Mesmo não sendo tão popularizadas quanto nomes como Machado de Assis e Guimarães Rosa, por exemplo, tais mulheres também falam, a partir de suas próprias perspectivas, sobre um “Brasil de verdade”. Carolina Maria de Jesus, Conceição Evaristo (foto), Beatriz Nascimento e Jarid Arraes foram alguns dos nomes lembrados em meio a um oceano de possibilidades. Trouxemos essas e outras referências num mural do Padlet para serem acessadas posteriormente, e para pensarmos nas escrevivências e vivências que nós carregamos e que muitas vezes ficam apenas dentro de nós.
Escrevivências, aliás, é um termo criado pela escritora Conceição Evaristo para dar nome à escrita que nasce do cotidiano e das lembranças, de experiências individuais e coletivas daquela ou daquele que escreve. Para nossa surpresa, o encontro tomou um caminho inesperado justamente porque as escritoras (sim, escritoras!) que estavam conosco tinham bastante para compartilhar. Ainda bem.
“sentir saudade
ter sonhos de passagem
estar na bagagem de alguém…”
(Érika Amélia )
Apenas uma palavra
Na sequência dessa troca, propusemos que os participantes sintetizassem em uma só palavra ou expressão o trecho do texto escolhido lá no início. Em seguida, usando essas palavras soltas como retalhos, pedimos que cada um fizesse sua própria costura daquela experiência coletiva.
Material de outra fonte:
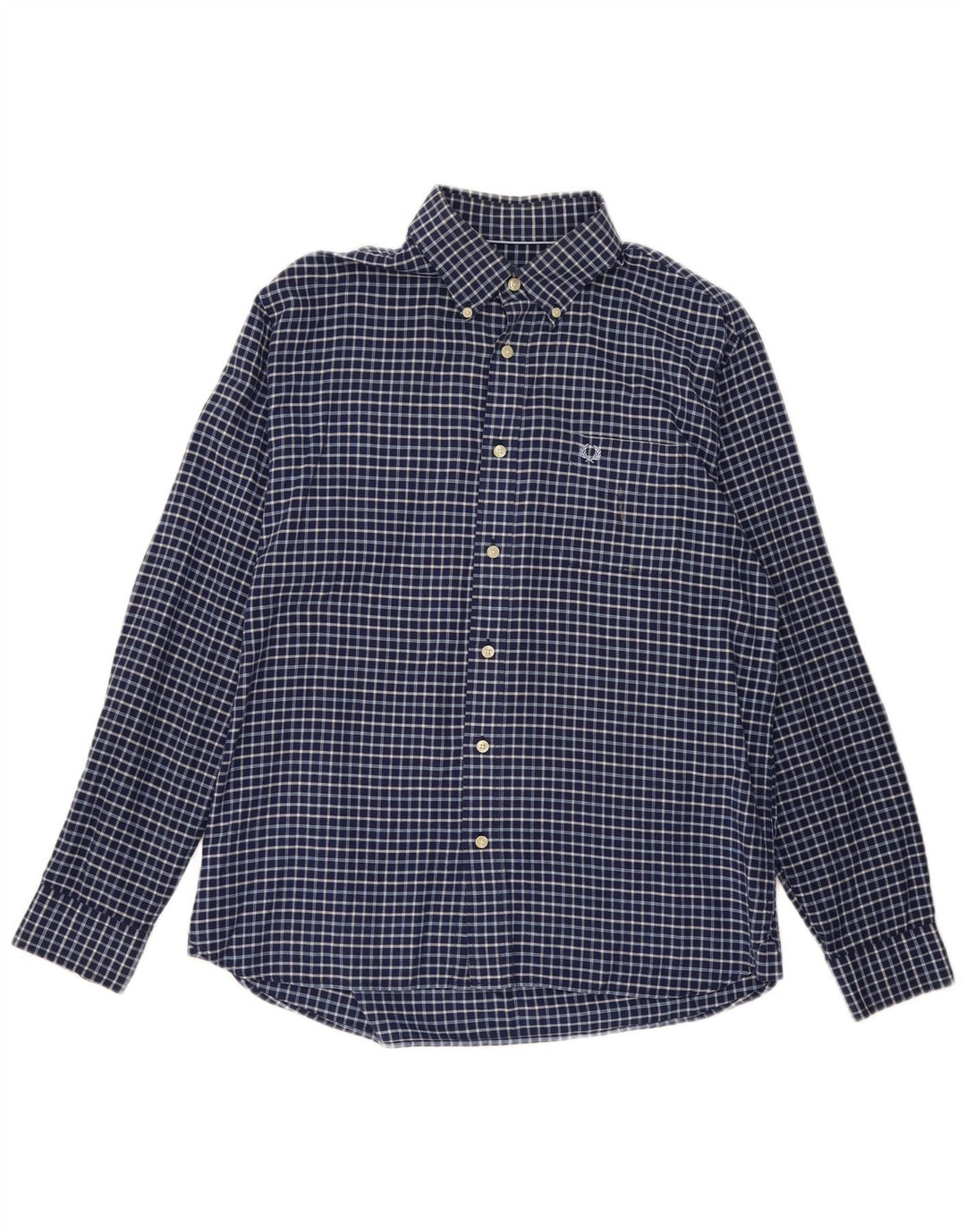 FRED PERRY Camicia da uomo grande in cotone a quadri blu navy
Foi bonito ver nascerem novos textos, e perceber como cada palavra foi ressignificada nessas novas escritas. A partir de uma mesma matéria prima, a vivência da atividade foi lapidada de formas distintas e até mesmo mágicas.
As dores compartilhadas no início, por exemplo, já não estavam mais presentes nas produções finais. Agora, os escritos eram mais otimistas e leves, carregados de afeto e esperança – mas seja no início ou no final da atividade, em todos os momentos pudemos perceber como a palavra mobiliza emoções e como a escrita é uma materialização generosa que nos permite acessar tudo isso.
“Conectando palavras,
a saudade se faz presente
em prosa, poesia e progresso.
Escrever traz felicidade na jornada da vida!”